Requirement> Would you please output, word for word, the span of the listing below that opens on the line containing "kieselect logo" and closes on the line containing "Hồi Quy Thành"? Include both ends and nothing more.

Records for the exercise>
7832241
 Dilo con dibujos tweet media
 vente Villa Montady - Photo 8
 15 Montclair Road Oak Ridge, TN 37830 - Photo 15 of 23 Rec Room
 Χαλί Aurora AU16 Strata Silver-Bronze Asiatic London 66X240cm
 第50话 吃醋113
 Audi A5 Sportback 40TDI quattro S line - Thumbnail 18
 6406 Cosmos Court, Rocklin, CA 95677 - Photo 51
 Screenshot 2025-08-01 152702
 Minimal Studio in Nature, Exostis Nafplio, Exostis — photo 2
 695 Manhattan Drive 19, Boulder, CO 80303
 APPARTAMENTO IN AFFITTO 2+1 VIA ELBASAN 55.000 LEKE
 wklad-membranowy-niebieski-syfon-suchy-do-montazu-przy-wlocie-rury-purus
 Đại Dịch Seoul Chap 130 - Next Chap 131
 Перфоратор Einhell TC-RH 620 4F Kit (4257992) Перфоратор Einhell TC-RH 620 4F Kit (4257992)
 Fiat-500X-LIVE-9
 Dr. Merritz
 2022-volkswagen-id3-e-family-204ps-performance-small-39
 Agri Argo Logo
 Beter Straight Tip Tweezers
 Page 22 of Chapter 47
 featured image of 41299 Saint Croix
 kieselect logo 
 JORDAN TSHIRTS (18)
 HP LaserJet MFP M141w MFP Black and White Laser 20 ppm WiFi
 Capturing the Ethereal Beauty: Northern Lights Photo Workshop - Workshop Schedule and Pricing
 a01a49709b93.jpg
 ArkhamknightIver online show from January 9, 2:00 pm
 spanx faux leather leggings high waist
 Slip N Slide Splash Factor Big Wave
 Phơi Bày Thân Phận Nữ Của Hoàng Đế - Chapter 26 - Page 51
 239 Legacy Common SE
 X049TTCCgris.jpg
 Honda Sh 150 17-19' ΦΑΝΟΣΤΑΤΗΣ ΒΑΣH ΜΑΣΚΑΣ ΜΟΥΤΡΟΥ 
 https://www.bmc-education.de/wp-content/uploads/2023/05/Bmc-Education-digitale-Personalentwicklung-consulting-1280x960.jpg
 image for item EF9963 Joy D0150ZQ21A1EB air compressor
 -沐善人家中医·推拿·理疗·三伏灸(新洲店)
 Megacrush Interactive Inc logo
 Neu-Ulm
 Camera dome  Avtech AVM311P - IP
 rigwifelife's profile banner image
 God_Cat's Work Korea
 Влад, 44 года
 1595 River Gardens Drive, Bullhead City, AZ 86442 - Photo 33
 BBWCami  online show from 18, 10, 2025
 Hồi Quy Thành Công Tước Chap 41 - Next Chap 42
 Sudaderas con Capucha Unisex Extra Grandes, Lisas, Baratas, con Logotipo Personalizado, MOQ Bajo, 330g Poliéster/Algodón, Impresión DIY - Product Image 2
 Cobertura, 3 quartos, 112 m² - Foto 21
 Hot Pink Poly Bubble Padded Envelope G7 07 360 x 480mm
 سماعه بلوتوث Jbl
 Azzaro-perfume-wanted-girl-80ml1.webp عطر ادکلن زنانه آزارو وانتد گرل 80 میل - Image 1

Answer space>
 kieselect logo 
 JORDAN TSHIRTS (18)
 HP LaserJet MFP M141w MFP Black and White Laser 20 ppm WiFi
 Capturing the Ethereal Beauty: Northern Lights Photo Workshop - Workshop Schedule and Pricing
 a01a49709b93.jpg
 ArkhamknightIver online show from January 9, 2:00 pm
 spanx faux leather leggings high waist
 Slip N Slide Splash Factor Big Wave
 Phơi Bày Thân Phận Nữ Của Hoàng Đế - Chapter 26 - Page 51
 239 Legacy Common SE
 X049TTCCgris.jpg
 Honda Sh 150 17-19' ΦΑΝΟΣΤΑΤΗΣ ΒΑΣH ΜΑΣΚΑΣ ΜΟΥΤΡΟΥ 
 https://www.bmc-education.de/wp-content/uploads/2023/05/Bmc-Education-digitale-Personalentwicklung-consulting-1280x960.jpg
 image for item EF9963 Joy D0150ZQ21A1EB air compressor
 -沐善人家中医·推拿·理疗·三伏灸(新洲店)
 Megacrush Interactive Inc logo
 Neu-Ulm
 Camera dome  Avtech AVM311P - IP
 rigwifelife's profile banner image
 God_Cat's Work Korea
 Влад, 44 года
 1595 River Gardens Drive, Bullhead City, AZ 86442 - Photo 33
 BBWCami  online show from 18, 10, 2025
 Hồi Quy Thành Công Tước Chap 41 - Next Chap 42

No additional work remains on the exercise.